Your output consists solely of the lines from the one that contains "2 X Crossword" to the end of the material, each reproduced exactly; pictures do not belong in it.

MATERIAL PROVIDED:
□ □ □ □ □ □ □

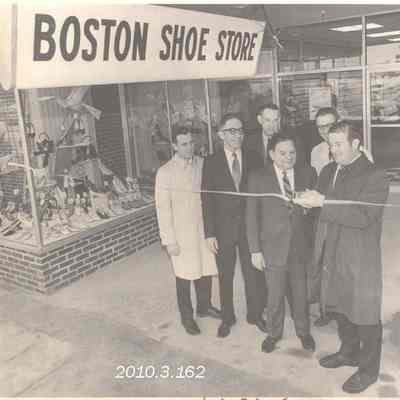 Ribbon Cutting at Boston Shoe Store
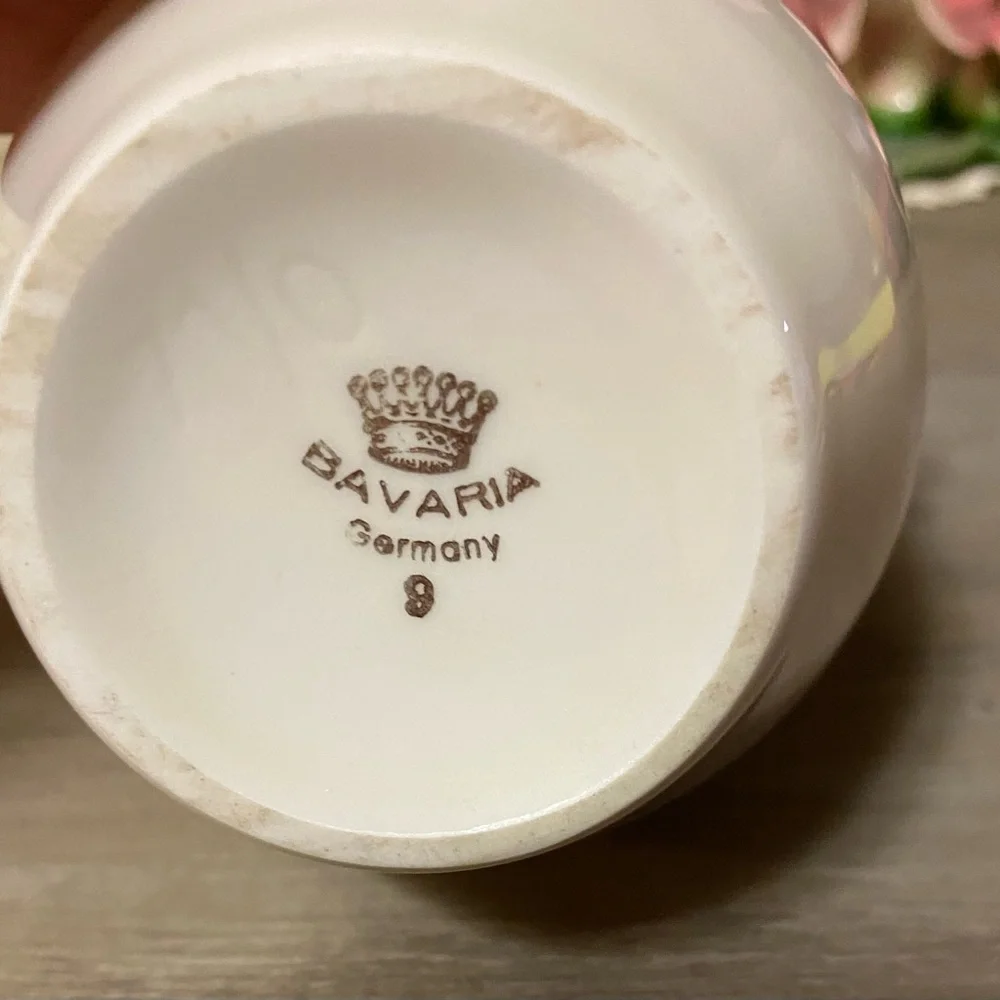 Vintage Bavaria Germany Tear Drops Vase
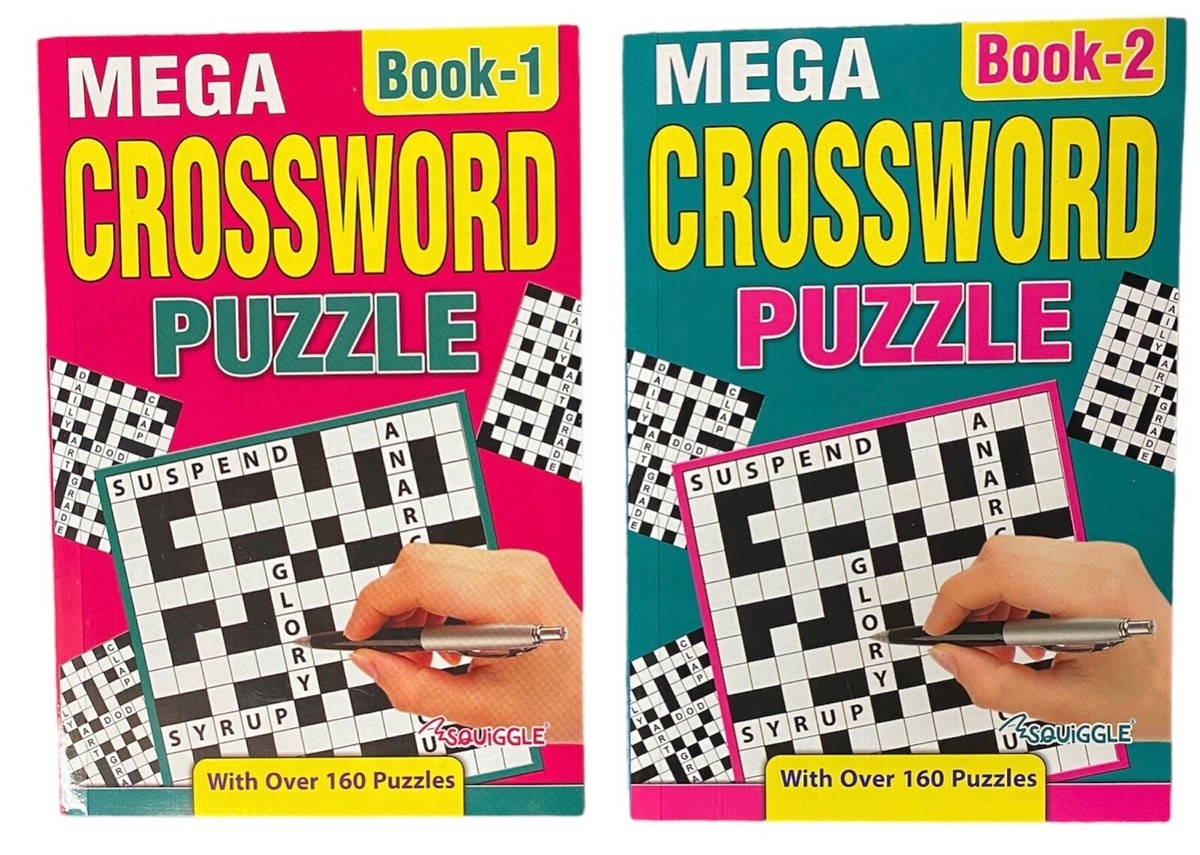 2 X Crossword Puzzle Book Books Mega 320 Powerful Puzzles A5 Pages Trivia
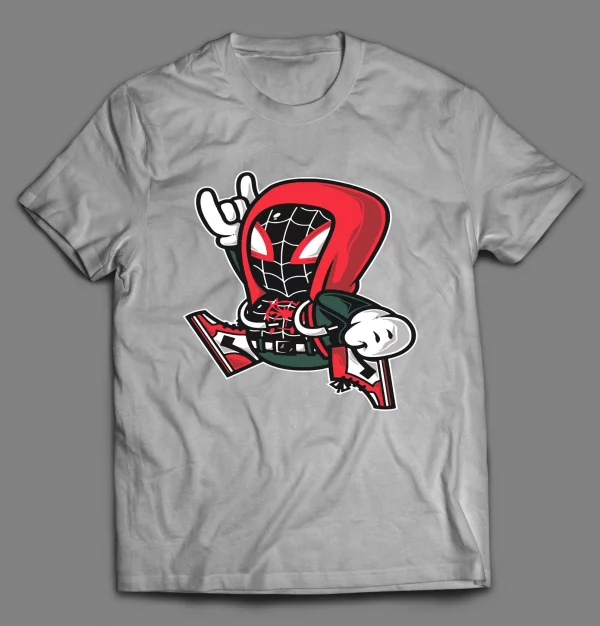 SUPER MILES MORALES BROS SPIDER MAN SHIRT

□ □ □ □ □ □ □

EXERCISE RESULT:
 2 X Crossword Puzzle Book Books Mega 320 Powerful Puzzles A5 Pages Trivia
 SUPER MILES MORALES BROS SPIDER MAN SHIRT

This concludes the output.